Build and Run In Maven

From the command line we can do.

mvn install
mvn exec:java -Dexec.mainClass=nz.co.bibble.app.App

Delivery Guarantees

The broke and produce acknowledgments that the messages are received. Values are

  • 0 Fire and Forget (useful for broadcast)
  • 1 Leader acknowledged
  • 2 Replication quorum acknowledged

You can then config what to do if an error. Options are

  • retry
  • retry.backoff.ms

Things to look into

  • Custom Serializers
  • Custom Partitioners
  • Asynchronous Send
  • Compression
  • Advanced Settings

Consumers

Introduction

Here is a visual representation of the Consumer

Assigning vs Subscribe

Subscribe

Introduction

For subscribing you simple subscribe to a list of topics or a regular expression. However subscribing is immutable. With subscribe you are subscribing to all partitions for the topic or topics. If new partition are added the changes are picked up automatically.

Example Subscribe

This is very similar to the producer. We use the deserializer rather than the serializer.

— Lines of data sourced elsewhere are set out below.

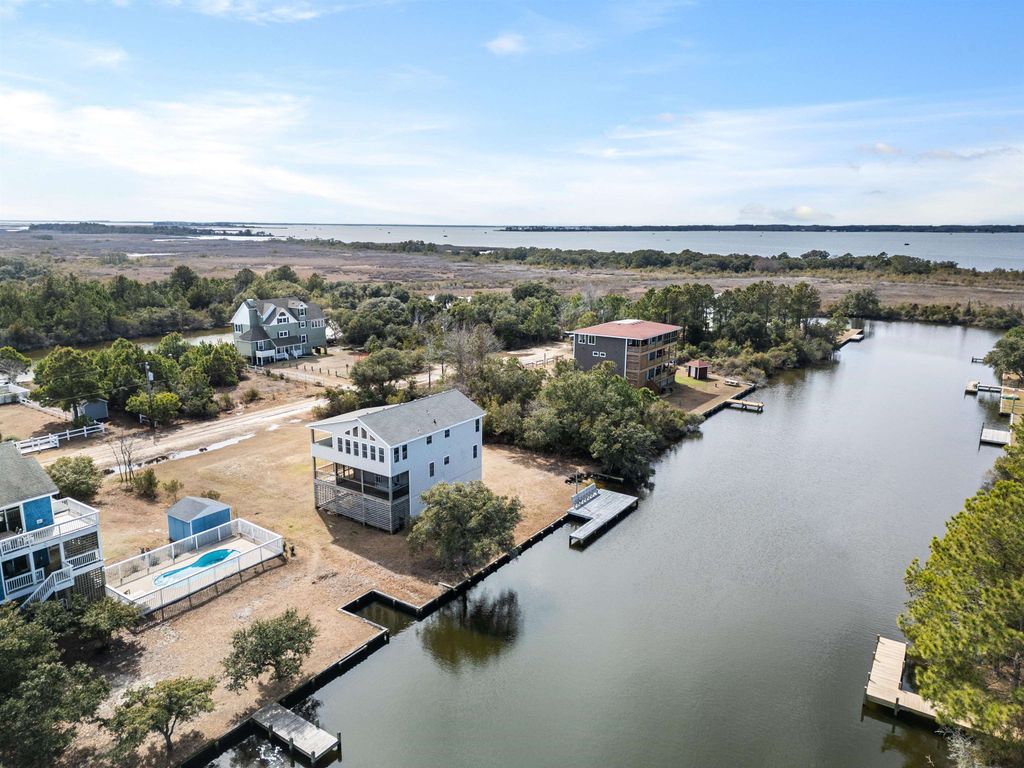 Image 4 of property listing at 527 Swan Road Lot 40, Corolla, NC 27927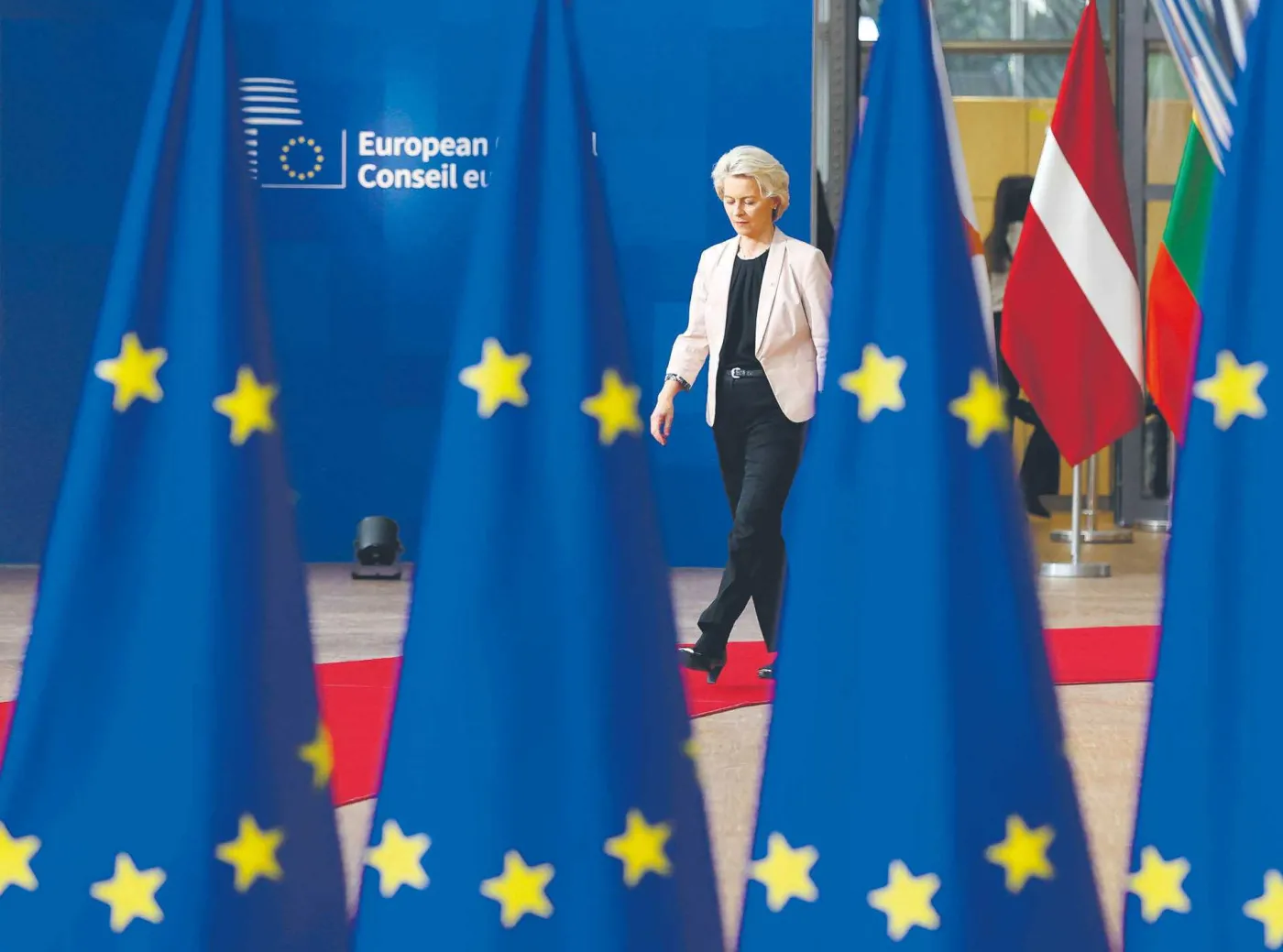 Prawica mocniejsza w nowej układance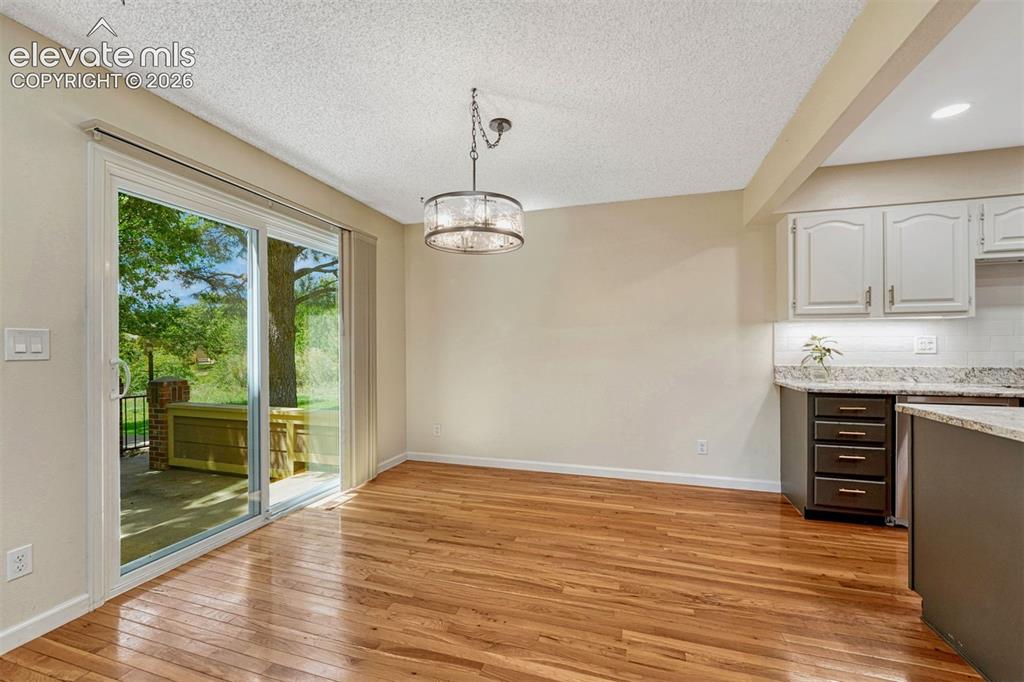 Image 21 of 48: Dining Area
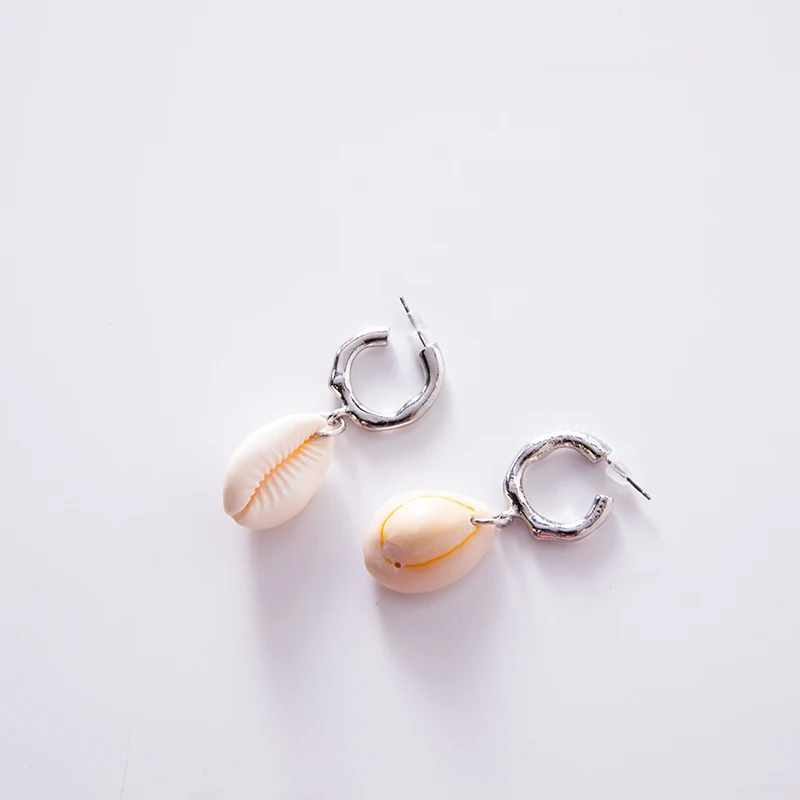 Трендовые серьги в виде морской раковины для женщин золотого и серебряного цвета
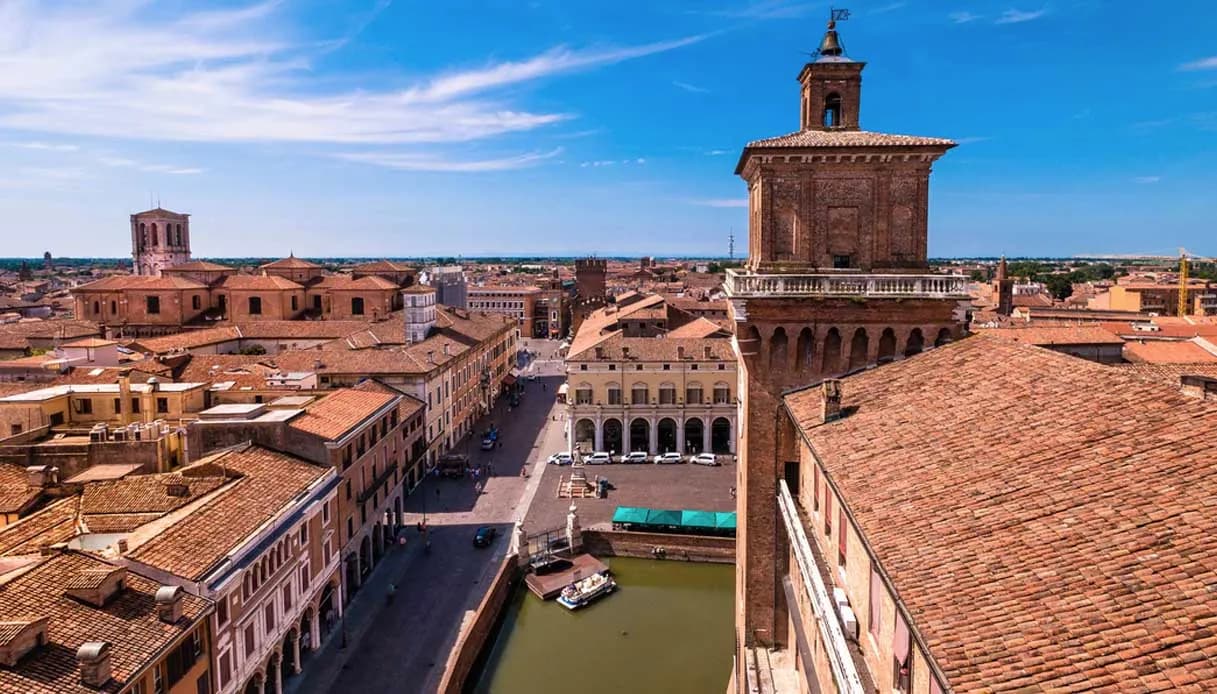 Ferrara E Campus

    public static void processConsumerSubscribe() {

        System.out.println("Starting Consumer Subscribe");

        Properties props = new Properties();

        props.put("bootstrap.servers", "localhost:9092");
        props.put("key.deserializer",  "org.apache.kafka.common.serialization.StringDeserializer");
        props.put("value.deserializer","org.apache.kafka.common.serialization.StringDeserializer");
        props.put("group.id","test");

        KafkaConsumer<String,String> myConsumer = new KafkaConsumer<String,String>(props);

        ArrayList<String> topics = new ArrayList<String>();

        topics.add("my_topic");

        myConsumer.subscribe(topics);

        System.out.println("Ready to start trying");

        try {
            while(true) {
                ConsumerRecords<String,String> records = myConsumer.poll(Duration.ofSeconds(10));
                for(ConsumerRecord<String,String> record: records) {
                    System.out.println(
                        String.format("Topic: %s Partition: %d, Offset: %d, Key: %s, Value: %s", 
                        record.topic(), record.partition(), record.offset(), record.key(), record.value())
                    );
                }
            }
        } catch (Exception e) {
            System.out.println(e.getMessage());
        } finally {
            myConsumer.close();
        }
    }

Assign

Introduction

For assigning we are deciding which partitions to consume. If new partitions are added we have to manage the change.

Example Assign

For assign this is almost identical to the consumer.

Terms

  • Log shipping is the process of automating the backup of transaction log files on a primary (production) database server, and then restoring them onto a standby server.
  • Message Broker is an intermediary computer program module that translates a message from the formal messaging protocol of the sender to the formal messaging protocol of the receiver
  • ZooKeeper is essentially a service for distributed systems offering a hierarchical key-value store, which is used to provide a distributed configuration service, synchronization service, and naming registry for large distributed systems (see Use cases). ZooKeeper was a sub-project of Hadoop but is now a top-level Apache project in its own right.